JJMK Consultants
Autumn Budget 2021

Autumn Budget 2021: R&D tax incentives key to keeping the UK at the forefront of innovation

UK chancellor Rishi Sunak’s second Budget of 2021 was full of bold ideas and ambitious new plans to stimulate growth and investment in the UK. Innovation and Research & Development (R&D) tax relief are seen as an integral part of the vision.

The key reforms for R&D relief, which will take effect from April 2023, will:

  • “support modern research methods” by expanding qualifying expenditure to include data and cloud costs.
  • more effectively capture the benefits of R&D funded by the reliefs through refocusing support towards innovation in the UK. (Currently, there is no requirement that the R&D activity must be undertaken in the UK for companies to be eligible for R&D tax reliefs. UK companies that incur R&D overseas may still be eligible for full tax relief. However, the government has said it wants to ensure that the reliefs incentivise UK innovation and are appropriately targeted in a way that best benefits UK industry).
  • target abuse and improve compliance.

The government confirmed that it has pushed back the timeframes for achieving its target of increasing public R&D investment to £22 billion from 2024/25 to 2026/27. However, it made clear its  continuing aim of increasing investment to £20bn by 2024 and the fact it remains committed to its target of increasing investment in R&D to 2.4% of GDP by 2027. This is really positive news.

We now await the imminent government response to the full R&D tax relief system consultation published in March and opened with the aim of ensuring that the UK “remains a competitive location for cutting edge research, that the reliefs continue to be fit for purpose and that taxpayer money is effectively targeted.”

The consultation leaves few options off the table but broadly, the scope of the review was to consider whether to expand the definition of R&D; continue to maintain two separate relief systems for larger and smaller businesses; introduce changes to how the system is administered; and introduce territoriality requirements to make the reliefs more targeted.
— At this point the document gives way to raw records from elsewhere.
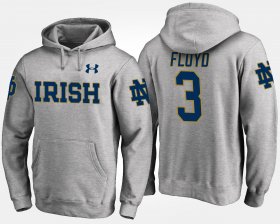 #3 Michael Floyd Name and Number University of Notre Dame Men's Gray Hoodie 517166-701
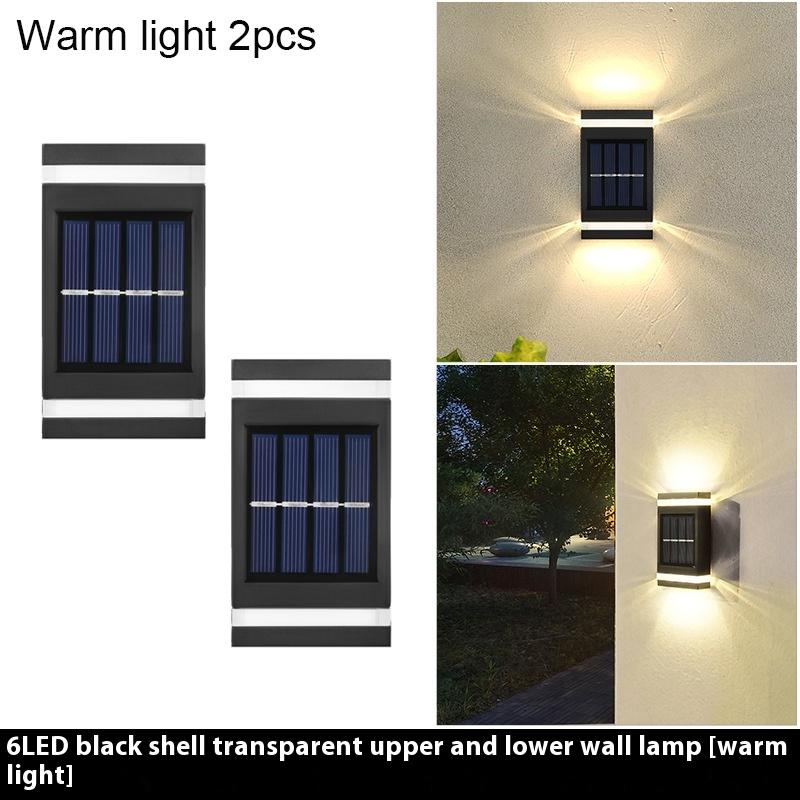 6Led Outdoor Solar Street Light Wall Lamp Waterproof Wall Washing Lights Up And Down Lighting For Terrace Garden Fence Villa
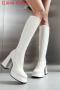 eur40-eur43 exquisite pu leather zip-up side high-heel boots_Black_White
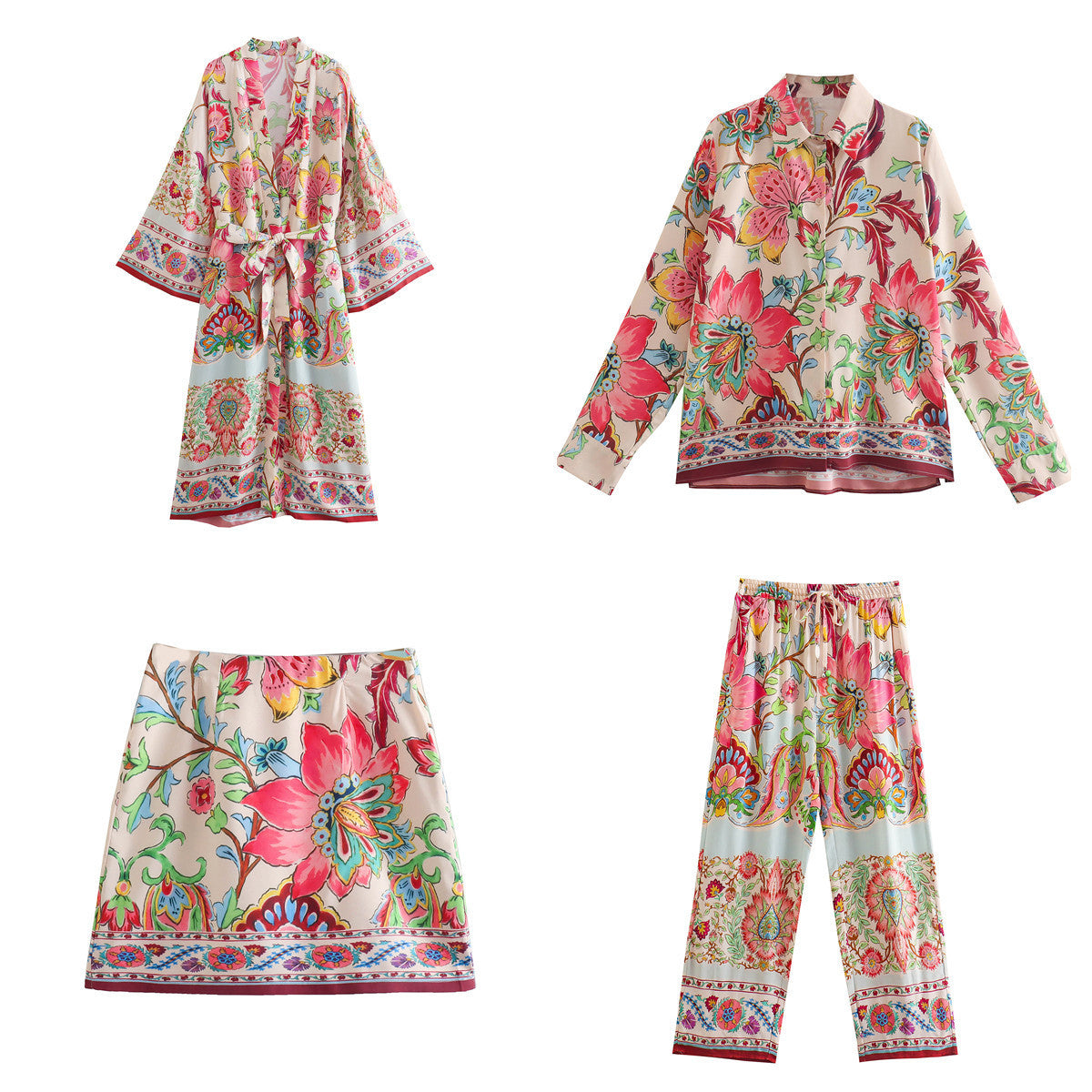 European And American Women's Clothing Fashion Printed Coat Shirt Skirt Pants Fashion Suit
As with most tax announcements, the devil will be in the detail but it’s really encouraging that the Government is listening to feedback and is open to fresh ideas. This will help to ensure that, 21 years on from its introduction, the R&D tax incentives regime can keep pace with the fast-moving ways that R&D is carried out in the UK, and focus incentives where they will support businesses, drive investment decisions, and keep the UK as a favoured location for innovation.